During the 1600s Holland was gripped by a regular “tulip mania” which makes the stock market crash of 1929 pale in terms of its speculatory excesses. At the peak of this crazy historic period, enormous prices were charged for a single tulip bulb. Today the term “tulip mania” has come to mean any large economic bubble. The historic appeal of the tulip has continued, evidenced by the fact that the Tulip Festival is Ottawa’s biggest festival, and incidentally the largest festival of its kind in the world. It attracts somewhere between 600,000 and 650,000 visitors in 19 days and generates C$ 70 million in revenue for the National Capital Region.
It is interesting to note that the Canadian Tulip Festival is a non-profit organization that only has three full-time employees year round. Leading up to the festival staff levels grow to 45 full-time employees and more than 1200 volunteers who play an integral part of this special event. The Canadian Tulip Festival enjoys the generous support of major sponsors such as the Casino du Lac-Leamy and the Hilton Lac Leamy, CTV, the Ottawa Citizen and Sun Life Financial.
Government Partners include the City of Ottawa, the Federal Government (Human Resources Development, Canada Economic Development for Quebec Regions and Heritage Canada), Ontario’s tourism marketing agency (“Ontario – More To Discover”), the National Capital Commission (who is the “official gardener “of Canada’s Capital) as well as the City of Gatineau. From corporate sponsors, to public sector partners to private individuals, the Canadian Tulip Festival is a magnificent collaborative effort that mobilizes the entire National Capital Region on the Ontario and Quebec side and attracts visitors from all over the world.
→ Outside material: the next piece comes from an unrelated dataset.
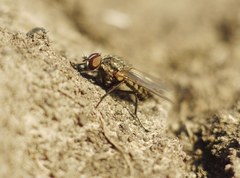 Diptera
The Tulip Festival has four official sites, all lavishly decked out with flower beds featuring different varieties of the coveted tulip. Parliament Hill, Majors Hill Park, Commissioners Park next to Dow’s Lake and the Casino du Lac-Leamy are all official Tulip Festival sites and host a variety of events, concerts and displays during an almost three week period.
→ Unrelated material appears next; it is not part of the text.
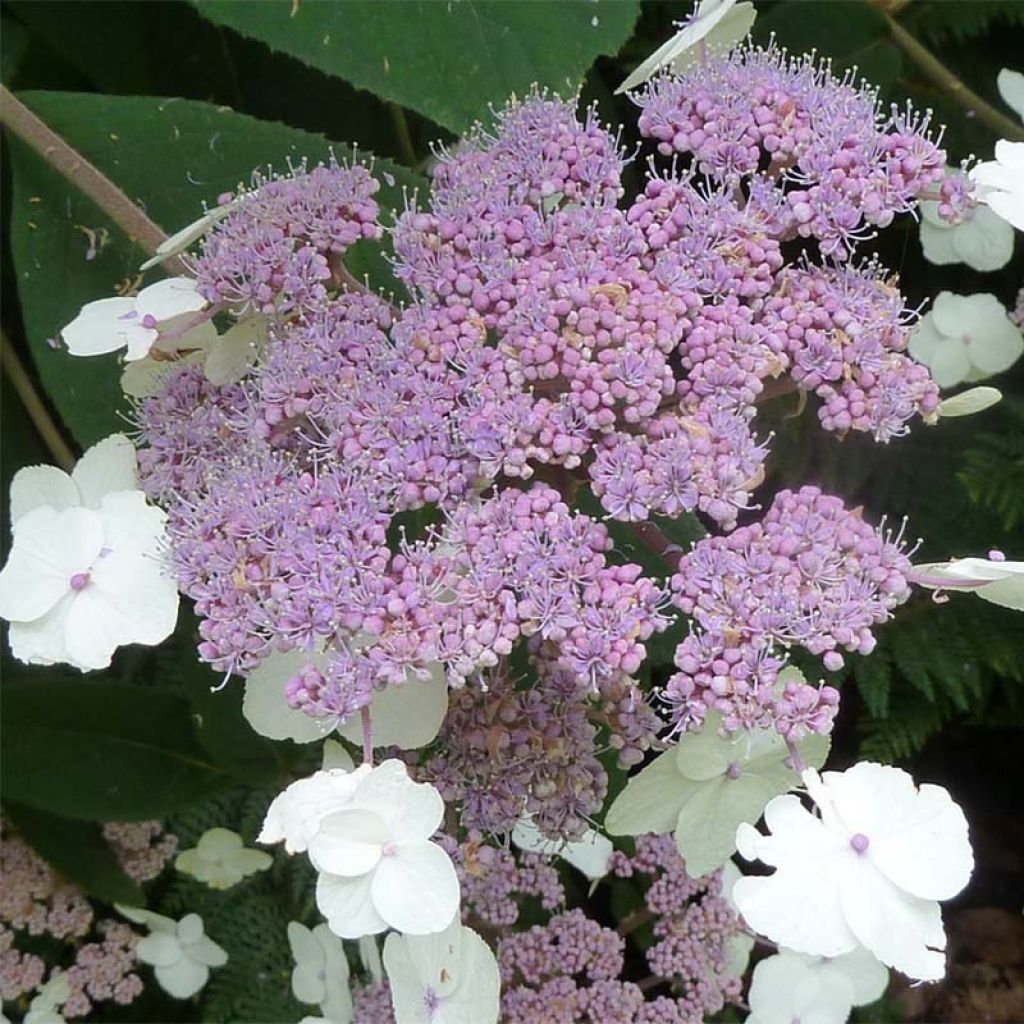 Hortensja kosmata Macrophylla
The Capital Infocentre on Parliament Hill provides all the necessary information for visitors of the Tulip Festival and the Parliament Buildings are adorned by thousands of these iconic spring flowers. Commissioner’s Park showcases more than 350,000 tulips planted by the National Capital Commission. The Casino du Lac-Leamy in Gatineau on the other side of the Ottawa River has been hosting the “Tulip Explosion” for the last three years. This event encompasses floral shows, dress and hair design competitions as well as floral design competitions. Seven different schools compete for the top prize in floral design. Major’s Hill Park plays host to the Tulip Friendship Village, the Artisans Marketplace, to the Family Zone entertainment area as well as the Get Out! Ottawa Citizen Concert Series.
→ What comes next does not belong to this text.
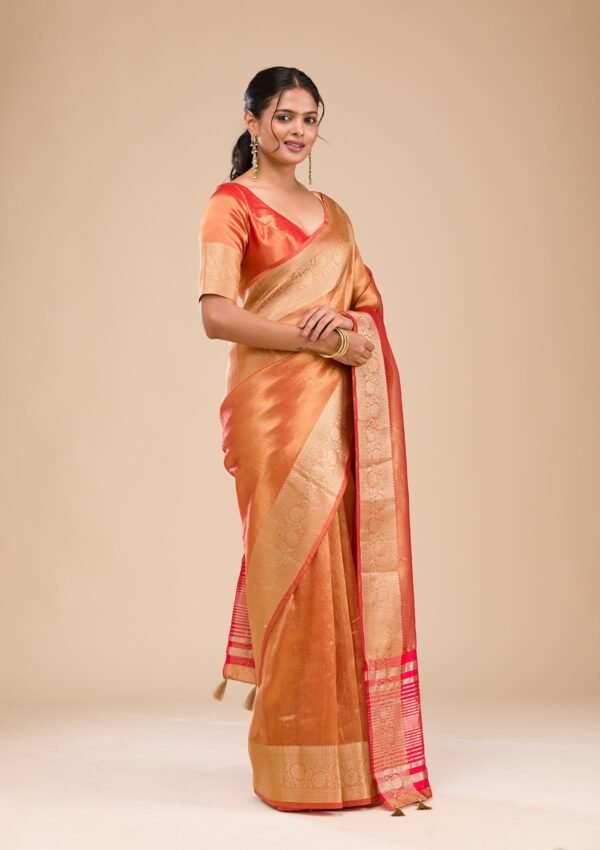 Elegant Rust Zari Embroidered Tissue Saree - Image 6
Benoît also informed me of the 16 attraction sites that are part of the Tulip Festival: all of Ottawa’s and Hull / Gatineau’s major attractions are part of this spring festival. Some of the attractions on this long list include the Canadian Agriculture Museum, the Dows Lake Pavilion, the Canadian Museum of Nature, the Canadian Museum of Contemporary Photography, the Rideau Centre, the National Gallery of Canada, the Royal Canadian Mint, the Canadian War Museum, Little Italy and many more.
There is no doubt that the Canadian Tulip Festival with all its attractions, special events, concerts and displays is a major tourist draw. Even the couple from Rochester that I met at the Auberge McGee said that the Tulip Festival was the main draw for them to come to Ottawa and it’s a wonderful way to get to know the City of Ottawa and its neighbour Gatineau across the River. It’s a great opportunity to celebrate the arrival of spring and the international friendships that are symbolized by the Canadian Tulip Festival.